I am trying to install OpenTelemetry in our Staging Environment, the collector being in DaemonSet Mode.
- Installing Operator Using standard process as described in documentation via helm charts (https://github.com/open-telemetry/opentelemetry-helm-charts/tree/main/charts/opentelemetry-operator)
helm install --namespace staging \
opentelemetry-operator open-telemetry/opentelemetry-operator
which creates opentelemetry-operator
deployment running 1 pod with 3 running containers (istio-proxy,manager,kube-rbac-proxy)

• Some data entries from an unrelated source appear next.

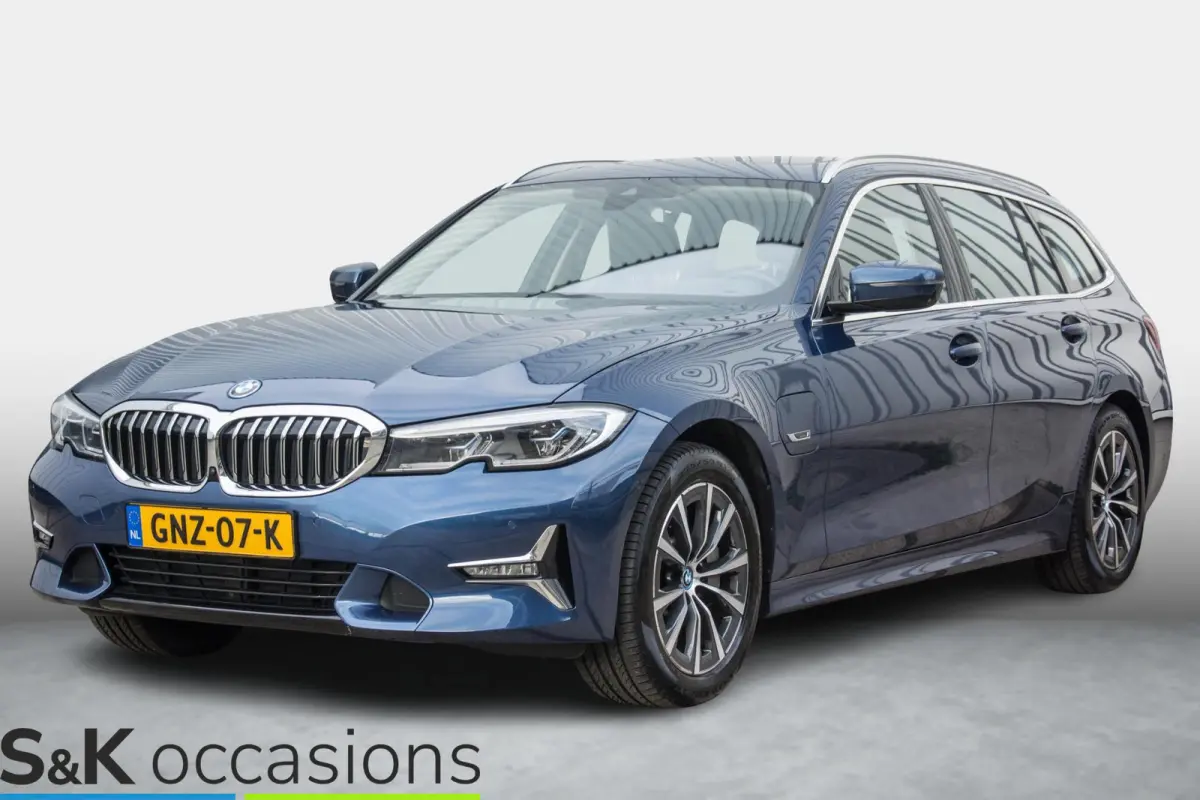 330e xDrive Pano Led Leder Business Edition Plus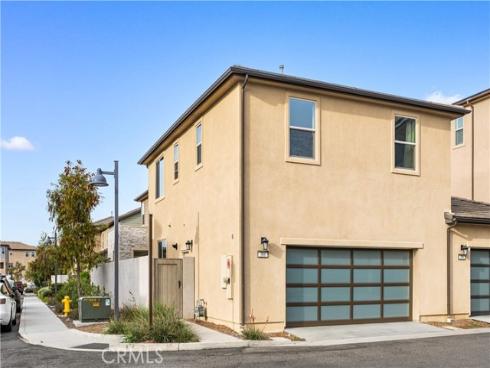 386 Chorus , Irvine, CA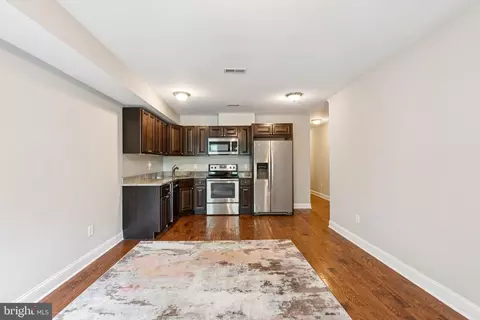 1332 Levis St NE, Washington, DC 20002 photo 8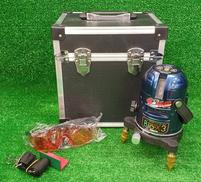 レーザー墨出し器|YAMASHIN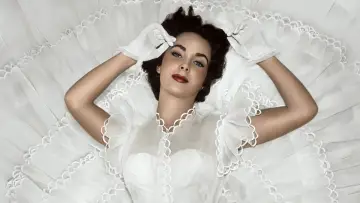 Zasłona do filmu "Elizabeth Taylor: The Lost Tapes" #1105432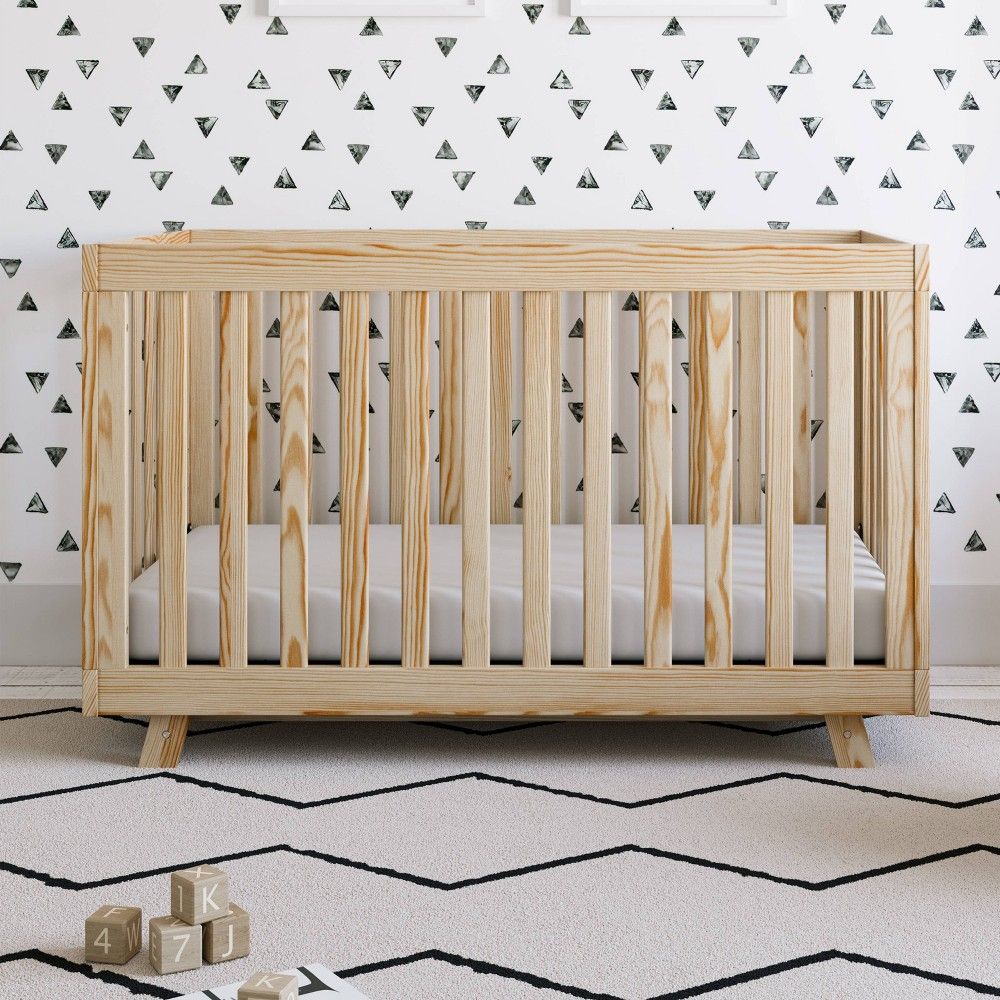 Creative Ways to Customize Your Crib into
a Convertible Bed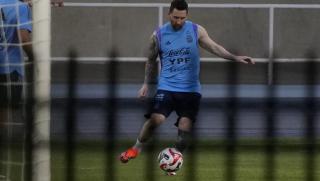 Преди няколко дни известният аржентински футболист Лионел Меси пристигна в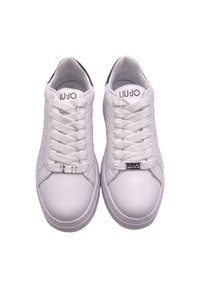 Sneakers bianchi in pelle con lati testurizzati, lacci piatti e dettagli in metallo sul linguetta e sui lacci. Punta arrotondata e suola robusta.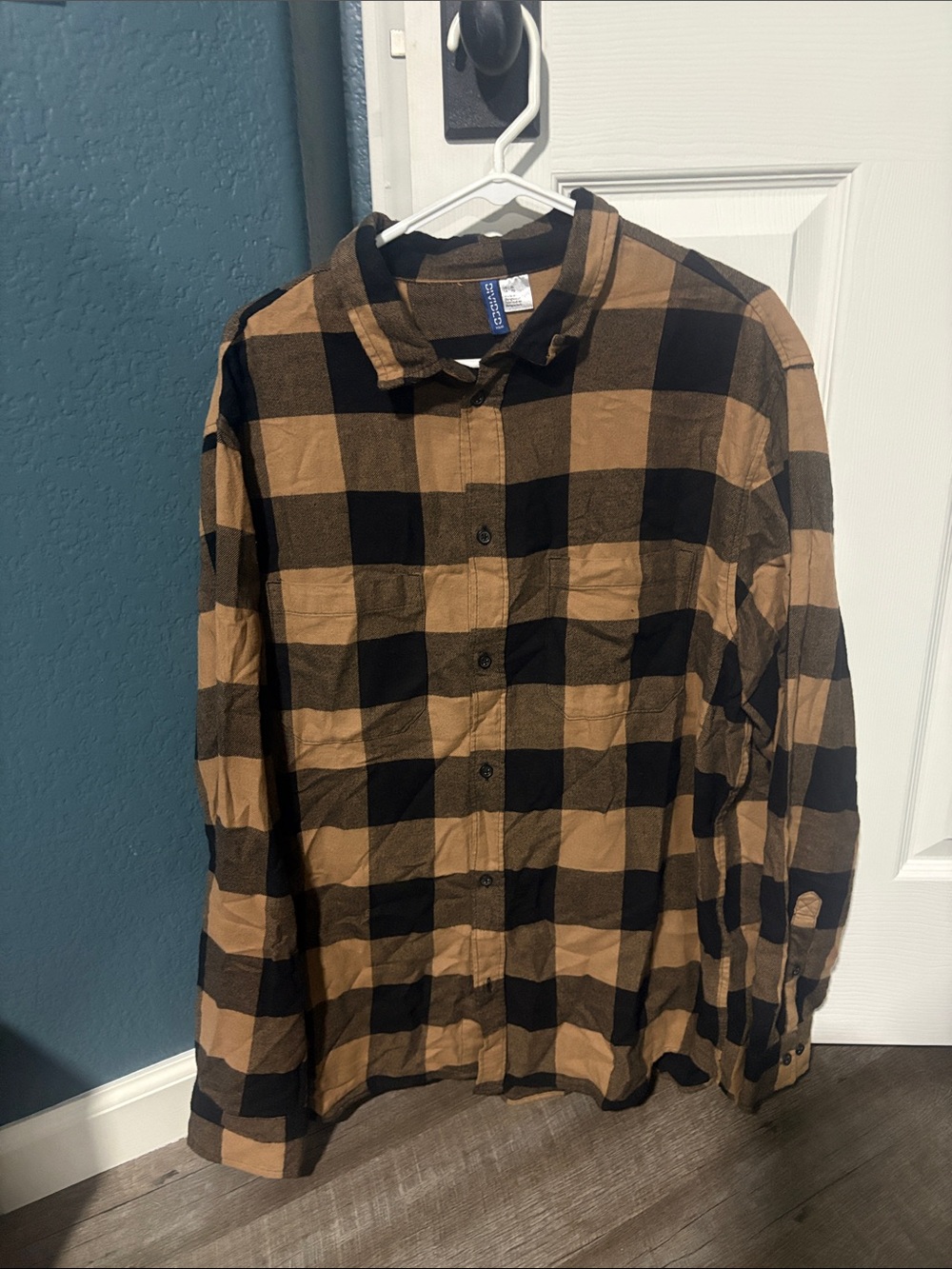 H&M Brown and Black Plaid Casual Button-Down Shirt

- On Second Step, I install Collector via below config
apiVersion: opentelemetry.io/v1alpha1
kind: OpenTelemetryCollector
metadata:
name: otlp-collector-daemonset
namespace: staging
spec:
mode: daemonset
hostNetwork: true
serviceAccount: otel-serviceaccount
env:
- name: KUBE_NODE_NAME
valueFrom:
fieldRef:
apiVersion: v1
fieldPath: spec.nodeName
config: |
receivers:
otlp:
protocols:
grpc:
http:
processors:
batch:
k8sattributes:
filter:
node_from_env_var: KUBE_NODE_NAME
namespace: staging
exporters:
otlp:
endpoint: https://<NR_endpoint>:4317
headers:
"api-key": <NR_API_KEY>
logging:
verbosity: detailed
service:
pipelines:
traces:
receivers: [otlp]
processors: [batch]
exporters: [logging,otlp]
metrics:
receivers: [otlp]
processors: [batch]
exporters: [logging,otlp]
which successfully creates our otlp-collector-daemonset-collector
daemoneset, running 1 pod on each node in the namespace (running 1 container named otc-container
on each pod)
- Install Auto-instrumentation The instrumentation is enabled when an Instrumentation CR is present in the cluster and a namespace or workload is annotated, so i first install JAVA instrumentation CR as per below
apiVersion: opentelemetry.io/v1alpha1
kind: Instrumentation
metadata:
name: java-instrumentation
namespace: staging
spec:
exporter:
endpoint: http://otlp-collector-daemonset-collector:4317
propagators:
- tracecontext
- baggage
- b3
sampler:
type: always_on
java:
image: ghcr.io/open-telemetry/opentelemetry-operator/autoinstrumentation-java:latest
kubectl -n staging apply -f manifests/instrumentations/java_instrumentation.yaml
- Now, annotate the staging namespace.
kubectl -n staging patch namespace staging -p '{"metadata":{"annotations":{"instrumentation.opentelemetry.io/inject-java":"true"}}}'
When i run try to rollout restart the collector daemonset kubectl -n staging rollout restart daemonset otlp-collector-daemonset-collector
it only restarts one pod, and not all (and the new pod is now with two containers, otc-container
and init container opentelemetry-auto-instrumentation
)
When we rollout restart any deployment in the namespace, it comes up with new init container opentelemetry-auto-instrumentation
(as expected)
Since, the auto-instrumentation is injected in the first container of the pod by default, we need to specify the container names to inject auto-instrumentation to. we do this via annotating the namespace.
kubectl -n staging patch namespace staging -p '{"metadata":{"annotations":{"instrumentation.opentelemetry.io/container-names":"container_2_from_deployment_x,conatiner_2_deployment_y"}}}'
And then, i rollout restart the two deployments containing these pods, the rollout happens fine, and they also start exporting the data to New Relic (As Expected).
However, this is where the problem arises, its blocking any new resource creation in the namespace, with error
Error creating: Pod "<some randome pod in namespace>" is invalid: spec.containers[0].volumeMounts[13].mountPath: Invalid value: "/otel-auto-instrumentation": must be unique
this is fixed by putting only 1 conatiner in the "instrumentation.opentelemetry.io/container-names"
annotation.
I think this might be because the containers have to belong to same pod ? If yes, what should be the workaround? (my goal is to annotate namespace to auto-instrument all Java applications at once, instead of adding annotations individually to deployment templates.)